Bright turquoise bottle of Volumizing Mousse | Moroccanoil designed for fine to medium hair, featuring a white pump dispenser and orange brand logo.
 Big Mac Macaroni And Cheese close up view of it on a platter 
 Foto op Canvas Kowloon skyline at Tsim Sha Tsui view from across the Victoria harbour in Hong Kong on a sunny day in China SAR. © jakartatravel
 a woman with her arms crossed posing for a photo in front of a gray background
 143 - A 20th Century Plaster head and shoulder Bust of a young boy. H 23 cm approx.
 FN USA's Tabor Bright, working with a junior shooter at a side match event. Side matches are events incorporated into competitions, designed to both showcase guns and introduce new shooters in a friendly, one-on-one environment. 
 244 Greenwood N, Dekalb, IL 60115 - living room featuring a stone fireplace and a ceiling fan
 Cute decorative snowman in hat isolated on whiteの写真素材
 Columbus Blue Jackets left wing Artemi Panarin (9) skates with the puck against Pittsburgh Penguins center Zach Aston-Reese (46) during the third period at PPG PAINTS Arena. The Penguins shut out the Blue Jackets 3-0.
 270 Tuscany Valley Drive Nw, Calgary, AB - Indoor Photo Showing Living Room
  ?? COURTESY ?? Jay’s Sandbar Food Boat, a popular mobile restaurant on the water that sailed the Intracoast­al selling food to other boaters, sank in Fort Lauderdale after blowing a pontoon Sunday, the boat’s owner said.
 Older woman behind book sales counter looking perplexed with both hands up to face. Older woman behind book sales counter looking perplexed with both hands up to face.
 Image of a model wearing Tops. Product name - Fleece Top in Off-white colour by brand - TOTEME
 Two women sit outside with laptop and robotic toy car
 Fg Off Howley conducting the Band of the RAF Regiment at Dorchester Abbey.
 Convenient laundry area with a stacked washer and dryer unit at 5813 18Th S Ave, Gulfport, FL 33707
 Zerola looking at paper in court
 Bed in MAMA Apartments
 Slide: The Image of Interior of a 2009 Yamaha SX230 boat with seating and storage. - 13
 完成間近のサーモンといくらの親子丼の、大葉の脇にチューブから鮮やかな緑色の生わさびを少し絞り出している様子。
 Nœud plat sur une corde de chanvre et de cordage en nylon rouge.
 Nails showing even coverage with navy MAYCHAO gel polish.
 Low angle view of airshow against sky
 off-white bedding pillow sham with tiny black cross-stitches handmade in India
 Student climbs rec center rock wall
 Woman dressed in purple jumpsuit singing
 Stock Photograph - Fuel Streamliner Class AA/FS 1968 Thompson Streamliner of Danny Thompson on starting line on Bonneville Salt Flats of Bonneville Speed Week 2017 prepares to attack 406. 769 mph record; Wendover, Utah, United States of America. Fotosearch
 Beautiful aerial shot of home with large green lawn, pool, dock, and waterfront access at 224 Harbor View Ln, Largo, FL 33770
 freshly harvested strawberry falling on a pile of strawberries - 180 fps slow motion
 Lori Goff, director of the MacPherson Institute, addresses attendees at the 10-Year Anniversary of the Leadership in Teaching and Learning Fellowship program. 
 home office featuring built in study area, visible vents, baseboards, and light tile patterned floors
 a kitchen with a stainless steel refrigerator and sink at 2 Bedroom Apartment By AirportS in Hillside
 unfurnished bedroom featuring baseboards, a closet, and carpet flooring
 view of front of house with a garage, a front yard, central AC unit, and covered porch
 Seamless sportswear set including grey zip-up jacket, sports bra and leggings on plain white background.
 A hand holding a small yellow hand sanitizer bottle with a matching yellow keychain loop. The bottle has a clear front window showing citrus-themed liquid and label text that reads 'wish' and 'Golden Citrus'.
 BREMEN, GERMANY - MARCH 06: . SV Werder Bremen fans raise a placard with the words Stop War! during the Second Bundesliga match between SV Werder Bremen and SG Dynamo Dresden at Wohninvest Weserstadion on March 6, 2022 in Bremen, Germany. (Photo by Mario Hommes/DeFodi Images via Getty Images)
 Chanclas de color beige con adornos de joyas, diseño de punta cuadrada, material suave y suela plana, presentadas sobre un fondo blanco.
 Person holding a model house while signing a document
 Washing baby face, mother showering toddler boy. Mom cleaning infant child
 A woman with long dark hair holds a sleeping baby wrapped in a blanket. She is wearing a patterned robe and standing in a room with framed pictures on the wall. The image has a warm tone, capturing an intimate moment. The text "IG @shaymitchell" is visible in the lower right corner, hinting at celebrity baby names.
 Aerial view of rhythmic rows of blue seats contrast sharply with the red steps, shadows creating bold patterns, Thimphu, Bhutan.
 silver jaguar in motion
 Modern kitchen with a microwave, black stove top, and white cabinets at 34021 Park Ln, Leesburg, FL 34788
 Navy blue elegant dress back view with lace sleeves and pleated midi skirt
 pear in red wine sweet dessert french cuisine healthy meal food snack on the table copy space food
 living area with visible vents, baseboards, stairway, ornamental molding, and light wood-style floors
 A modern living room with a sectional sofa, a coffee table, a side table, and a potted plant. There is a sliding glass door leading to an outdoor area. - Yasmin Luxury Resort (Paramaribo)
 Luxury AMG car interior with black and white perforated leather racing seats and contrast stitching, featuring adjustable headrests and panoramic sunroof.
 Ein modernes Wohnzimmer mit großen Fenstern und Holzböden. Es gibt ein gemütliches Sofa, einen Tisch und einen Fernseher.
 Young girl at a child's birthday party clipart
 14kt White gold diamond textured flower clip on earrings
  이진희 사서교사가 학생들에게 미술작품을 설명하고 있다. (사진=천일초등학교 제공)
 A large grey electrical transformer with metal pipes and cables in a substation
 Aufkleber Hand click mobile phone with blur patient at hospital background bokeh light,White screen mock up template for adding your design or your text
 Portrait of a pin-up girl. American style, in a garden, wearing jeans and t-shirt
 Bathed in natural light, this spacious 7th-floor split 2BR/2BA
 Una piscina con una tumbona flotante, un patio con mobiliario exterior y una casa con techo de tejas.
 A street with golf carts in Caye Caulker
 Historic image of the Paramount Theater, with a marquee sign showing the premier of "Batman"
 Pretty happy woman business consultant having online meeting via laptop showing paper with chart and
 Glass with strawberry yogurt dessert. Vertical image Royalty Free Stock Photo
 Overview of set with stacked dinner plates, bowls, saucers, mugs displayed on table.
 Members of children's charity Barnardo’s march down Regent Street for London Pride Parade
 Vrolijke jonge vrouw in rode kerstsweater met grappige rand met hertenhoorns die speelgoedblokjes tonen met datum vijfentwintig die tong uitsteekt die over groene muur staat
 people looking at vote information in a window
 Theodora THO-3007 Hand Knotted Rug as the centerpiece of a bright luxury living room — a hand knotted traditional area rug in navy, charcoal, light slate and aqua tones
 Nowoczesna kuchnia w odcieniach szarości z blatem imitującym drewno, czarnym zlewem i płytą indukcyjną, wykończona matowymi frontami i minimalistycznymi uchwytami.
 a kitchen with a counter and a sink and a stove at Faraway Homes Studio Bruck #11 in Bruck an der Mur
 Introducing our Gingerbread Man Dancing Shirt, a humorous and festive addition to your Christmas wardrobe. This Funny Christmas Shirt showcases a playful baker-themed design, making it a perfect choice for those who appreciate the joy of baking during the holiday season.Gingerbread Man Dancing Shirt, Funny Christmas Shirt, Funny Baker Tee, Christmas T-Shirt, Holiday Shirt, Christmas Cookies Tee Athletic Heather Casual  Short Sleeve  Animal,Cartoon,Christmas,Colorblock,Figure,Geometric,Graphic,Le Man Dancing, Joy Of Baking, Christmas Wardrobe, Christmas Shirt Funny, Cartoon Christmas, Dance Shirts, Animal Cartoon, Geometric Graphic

****************************************

- _TASK PROMPT_
From the entries above, restate word for word the lines from the line containing "Lori Goff, director" to the line containing "Seamless sportswear set", both ends included, and nothing more.

- _YOUR SOLUTION_
 Lori Goff, director of the MacPherson Institute, addresses attendees at the 10-Year Anniversary of the Leadership in Teaching and Learning Fellowship program. 
 home office featuring built in study area, visible vents, baseboards, and light tile patterned floors
 a kitchen with a stainless steel refrigerator and sink at 2 Bedroom Apartment By AirportS in Hillside
 unfurnished bedroom featuring baseboards, a closet, and carpet flooring
 view of front of house with a garage, a front yard, central AC unit, and covered porch
 Seamless sportswear set including grey zip-up jacket, sports bra and leggings on plain white background.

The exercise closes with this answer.